The International Day of the Girl Child initiative began as a project of Plan International, a non-governmental organization that operates worldwide. The idea for an international day of observance and celebration grew out of Plan International’s Because I Am a Girl campaign, which raises awareness of the importance of nurturing girls globally and in developing countries in particular. Plan International representatives in Canada approached the Canadian federal government to seek support for the initiative. A coalition of supporters raised awareness of the initiative internationally.
International Day of the Girl Child was formally proposed as a resolution by Canada in the United Nations General Assembly.
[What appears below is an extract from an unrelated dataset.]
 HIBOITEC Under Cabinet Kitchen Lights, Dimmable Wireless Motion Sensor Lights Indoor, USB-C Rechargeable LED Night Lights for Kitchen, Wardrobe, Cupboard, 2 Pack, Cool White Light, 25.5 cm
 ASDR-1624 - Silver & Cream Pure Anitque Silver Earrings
Rona Ambrose, Canada’s Minister for the Status of Women, sponsored the resolution; a delegation of women and girls made presentations in support of the initiative at the 55th United Nations Commission on the Status of Women. On December 19, 2011, the United Nations General Assembly voted to pass a resolution adopting October 11, 2012 as the inaugural International Day of the Girl Child. The resolution states that the Day of the Girl recognizes
[the] empowerment of and investment in girls, which are critical for economic growth, the achievement of all Millennium Development Goals, including the eradication of povertyand extreme poverty, as well as the meaningful participation of girls in decisions that affect them, are key in breaking the cycle of discrimination and violence and in promoting and protecting the full and effective enjoyment of their human rights, and recognizing also that empowering girls requires their active participation in decision-making processes and the active support and engagement of their parents, legal guardians, families and care providers, as well as boys and men and the wider community […] 
Each year’s Day of the Girl has a theme; the first was “ending child marriage”, the second, in 2013, was “innovating for girl’s education”, and the third, in 2014, was “Empowering Adolescent Girls: Ending the Cycle of Violence.”